Dataset items:

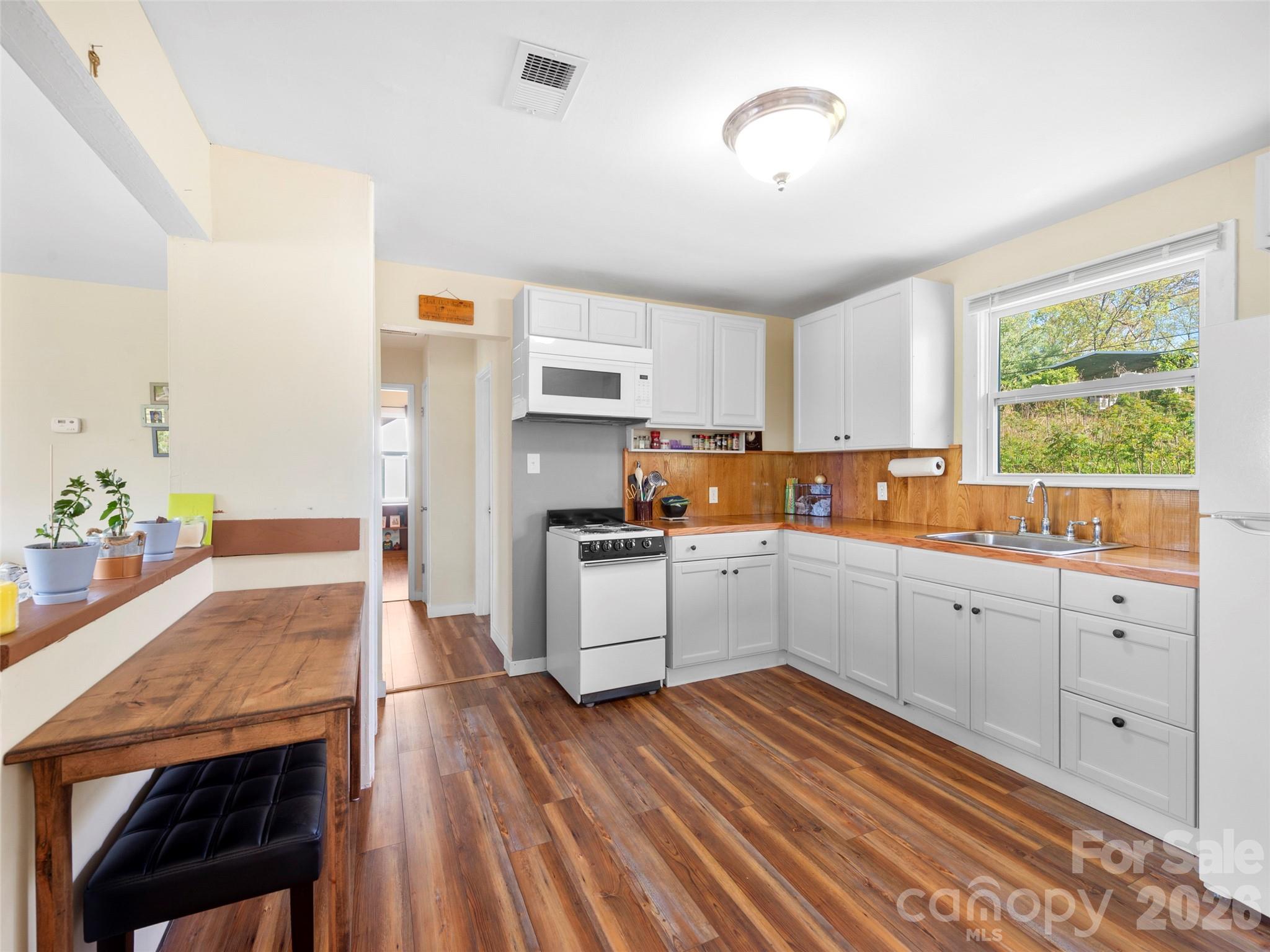 209 Wilmont Drive Hendersonville NC 28792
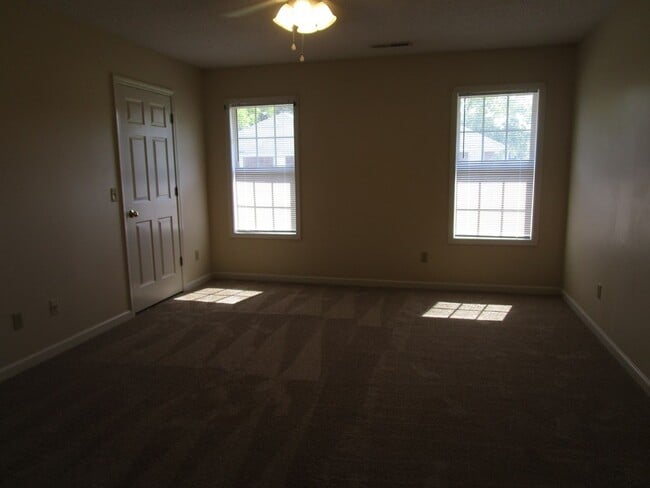 Building Photo - 341 Wildwood Ave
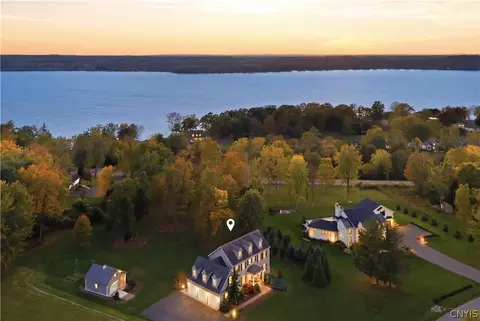 10 Calloway Dr, Owasco, NY 13021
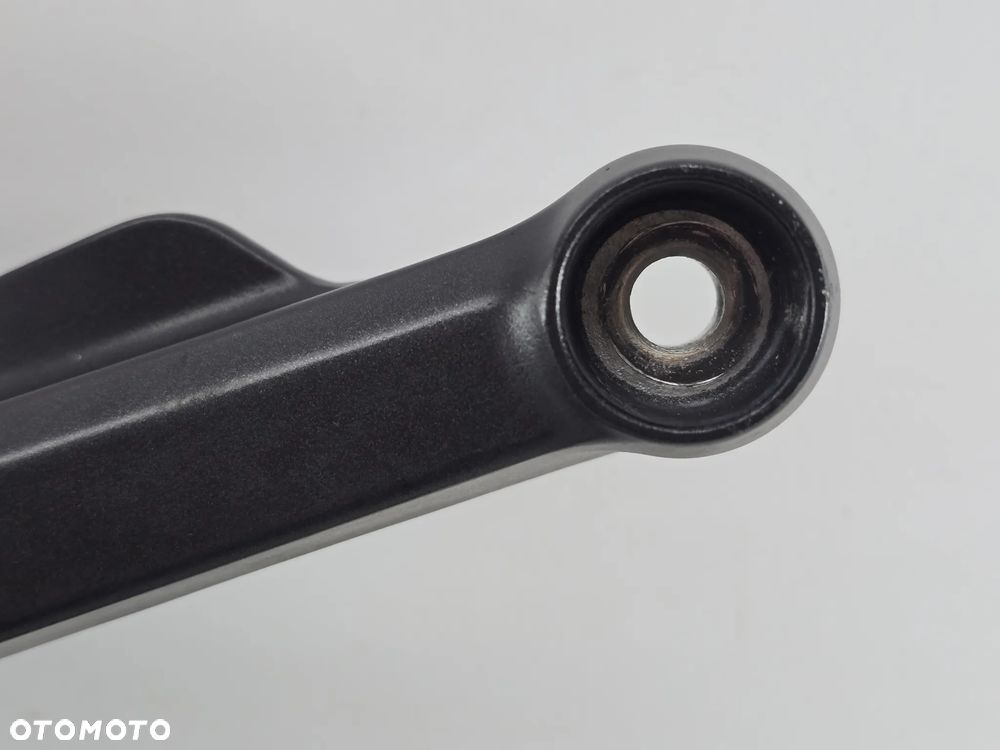 STELAZ TYL ZADUPEK RAMA SUBRAME   HONDA CB 1000R  SC80 - 7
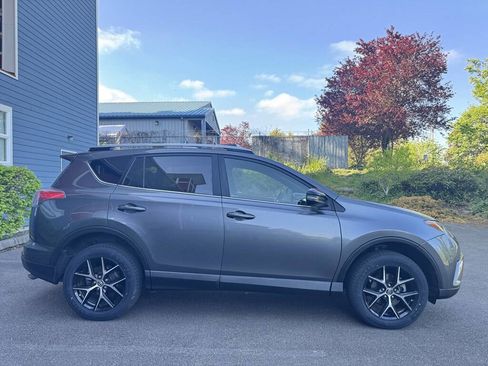 Used 2017 Toyota RAV4 SE AWD/4WD image 2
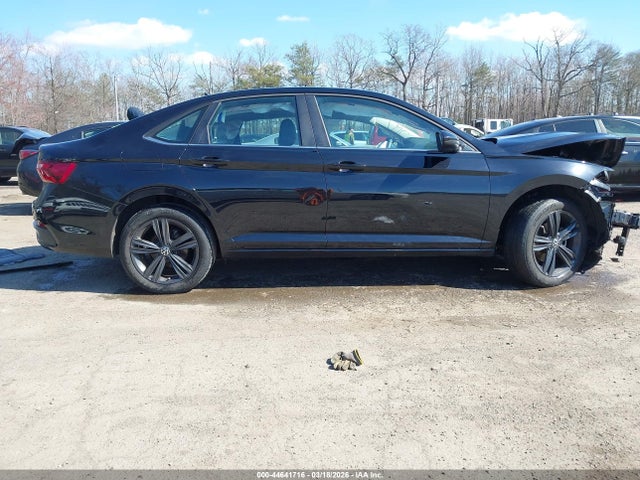 44641716 :رقم المزاد ، 3VW7M7BU0NM008385 vin ، 2022 Volkswagen Jetta 1.5t Se مزاد بيع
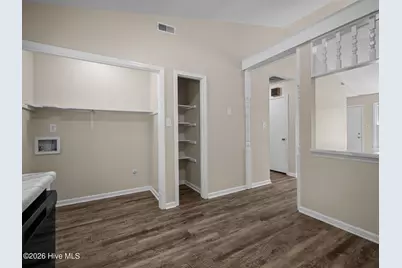 323 W Frances Street, Jacksonville, NC 28546 - Photo 7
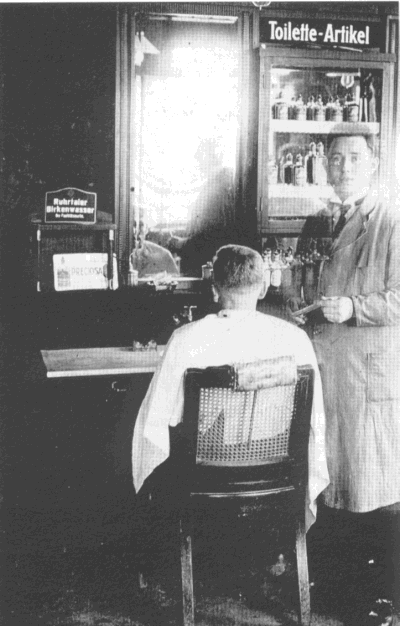 Ein Friseur-Geschft in den 30er Jahren
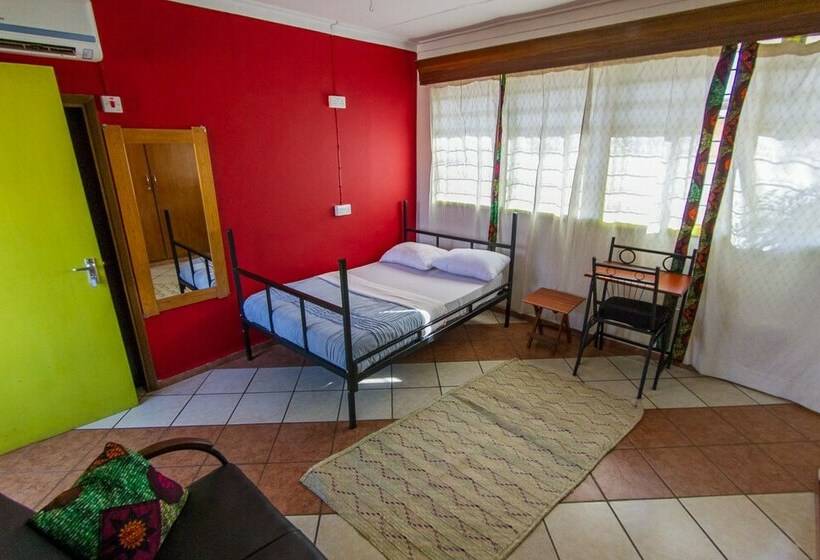 اتاق استاندارد, We Travel Hostel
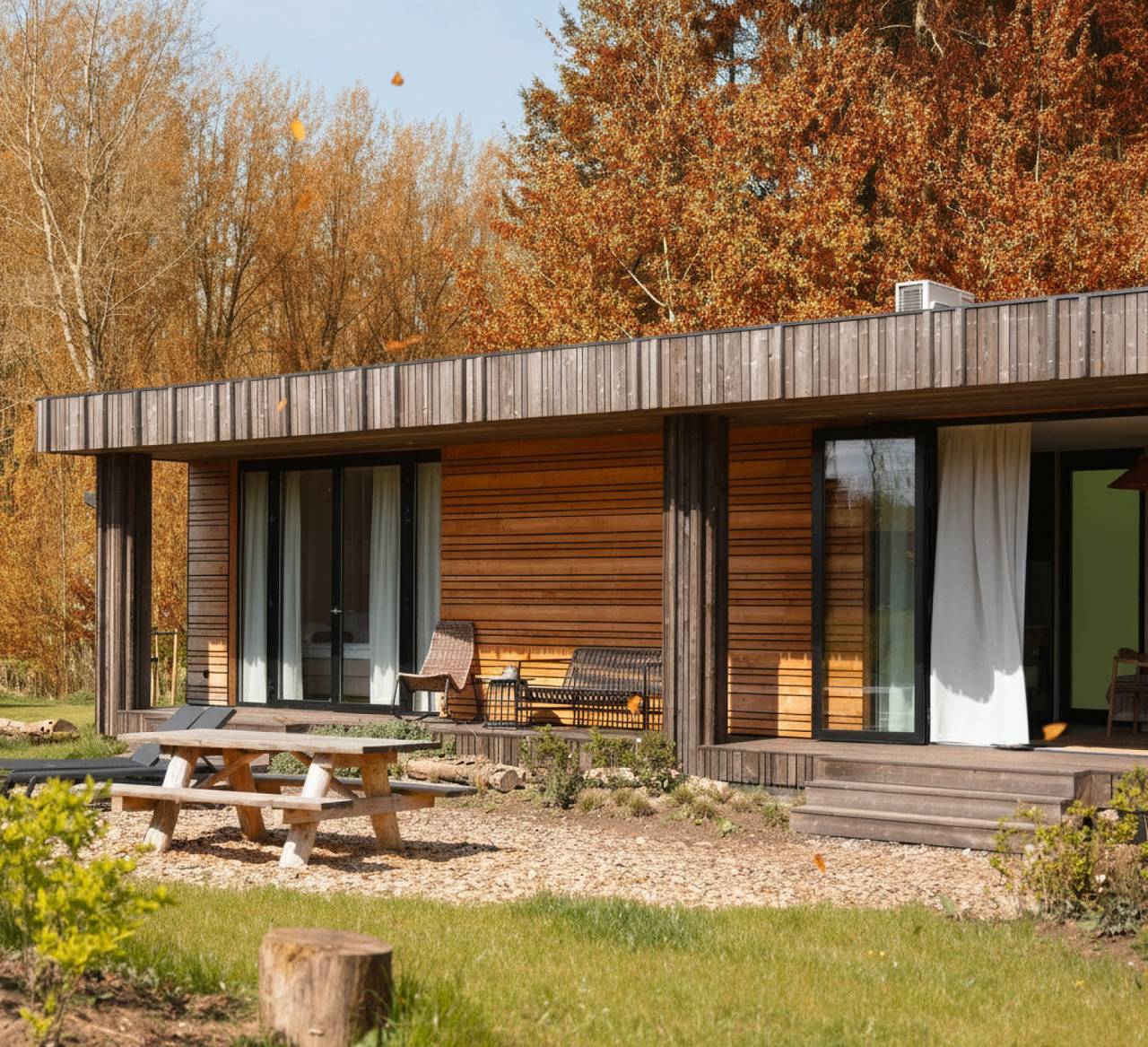 Heerlijke 4 persoons Lodge met houtgestookte Hottub nabij Zeewolde in het Horsterwold in Flevoland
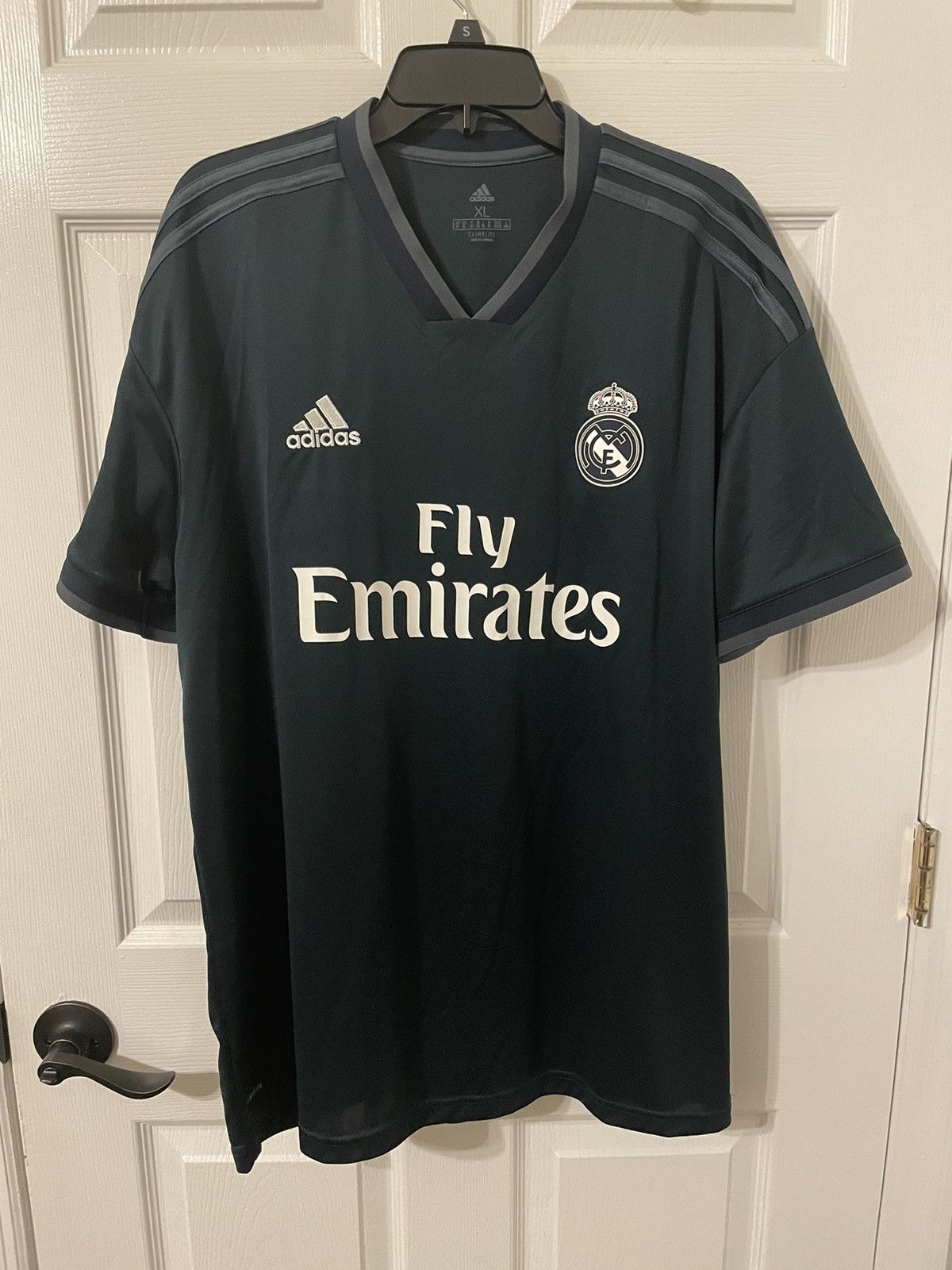 Real Madrid 18/19 sold Away Kit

* **WORK ITEM**
Drop the pictures; return the lines above from the line containing "10 Calloway Dr, Owasco, NY 13021" to the line containing "اتاق استاندارد, We Travel Hostel", both included, exactly.

* **TASK ANSWER**
 10 Calloway Dr, Owasco, NY 13021
 STELAZ TYL ZADUPEK RAMA SUBRAME   HONDA CB 1000R  SC80 - 7
 Used 2017 Toyota RAV4 SE AWD/4WD image 2
 44641716 :رقم المزاد ، 3VW7M7BU0NM008385 vin ، 2022 Volkswagen Jetta 1.5t Se مزاد بيع
 323 W Frances Street, Jacksonville, NC 28546 - Photo 7
 Ein Friseur-Geschft in den 30er Jahren
 اتاق استاندارد, We Travel Hostel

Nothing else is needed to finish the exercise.